Utopias não nos faltaram. A mais marcante e ambiciosa - a criação do 'novo homem', no socialismo e, depois comunismo (com eliminação da propriedade privada) - já trazia, na mirabolante proposta de "renovação" do Ser, o germe da ditadura. A história mostra a tragédia de tal pretensão, que gerou tiranias diferenciadas pelas particularidades de cada Nação em que se materializou. O Estado como provedor de sua libertação (do diabo do capitalismo) e de sua felicidade, mesmo que você não a queira - "você será feliz!" - "exceto inimigos e traidores, que deverão morrer". Estava na cara que não poderia dar certo, mas foi tentado em diversas nações.
O que passamos a conhecer por relatos históricos diversos - é ampla a bibliografia - teve grande ganho de conhecimento via a obra de Svetlana Aleksievitch, O FIM DO HOMEM SOVIÉTICO (2012). Sobre a utopia que veio a ser tragédia e distopia russa: a União Soviética (URSS). Em modo inovador de fazer literatura, Svetlana pôs o 'Homo sovieticus' para falar da vida 'socialista'. A tragédia vista por dentro, por quem a viveu.

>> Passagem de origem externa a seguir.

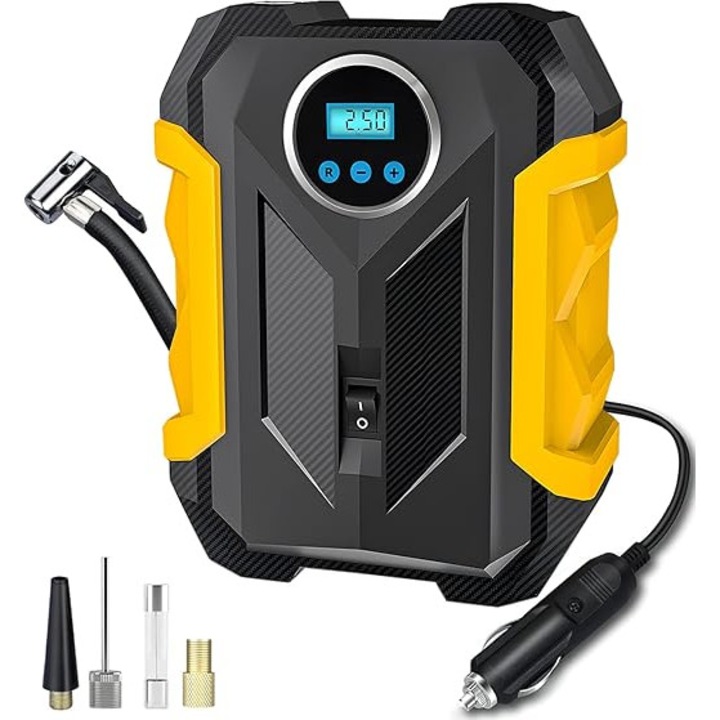 Compresor aer auto HERUSI digital LED 3m cablu multifunctional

De quebra, ela nos traz uma das anedotas que pululavam na cena russa dos anos 1990: "Comunista era aquele que lia Marx, o anticomunista era aquele que o compreendia". Utopias não vão além de sonhos e, quando ensaiadas, convertem-se em pesadelos.
Tudo isso já seria muito para provocar incerteza e melancolia. Mas, parece que ainda não caiu completamente a ficha do que o novo padrão tecnológico da microeletrônica (desde 1980-90) representa. Como fantástico progresso nas mais diversas áreas da tecnologia, da economia, do conhecimento, da vida humana; e também como danoso entulho no quotidiano do cidadão, em todo o mundo. Tivemos, com a Internet, muito mais do que o lixo da "legião de imbecis" antecipada por Umberto Eco. A WWW dá espaço ao mal que vem ameaçando a democracia. Um mal fundado no exercício da mentira, da instigação ao ódio, e na busca de eventual destruição da democracia em nome "da liberdade". A literatura sobre este perigo, destacada pela emergência de 'Como morrem as democracias' (Levitsky e Ziblatt, 2018) e Os Engenheiros do Caos (Giuliano da Empoli, 2019), foi bastante ampliada.
Mas a democracia sobrevive, e segue como nossa via para algo melhor em cada Nação.
Infelizmente - e novamente evoco Sivuca - a Lua permanece espreitando reuniões de tristeza da humanidade. Não só no Brasil. No Mundo.
ADENDO. Faço minhas as palavras de Fernando Gabeira, no O GLOBO de 20/11/2023, a seguir. E digo que isso não representa nada contra Israel. Ocorre que Netanyahu é um dos extremos em ação. Assim o descrevo, em Matemática: Netanyahu (e seu grupo) = Hamas X (-1); os dois são simétricos, e sanguinários.
Fala, Gabeira, ex-guerrilheiro, sempre humanista, velho de boa cepa [Eu já disse o mesmo óbvio - com minhas próprias letras - em conversas com meus botões]:
"Não é possível concordar com quem usa mulheres e crianças como escudo humano. Mas também não é possível concordar com quem mata escudos humanos, numa tentativa de alcançar o Hamas".
"O que fizemos com a natureza ameaça nossa existência, só falta nos destruirmos antes de sermos expulsos pelo próprio planeta".
Tarcisio Patricio, doutor em Economia e professor da UFPE, aposentado.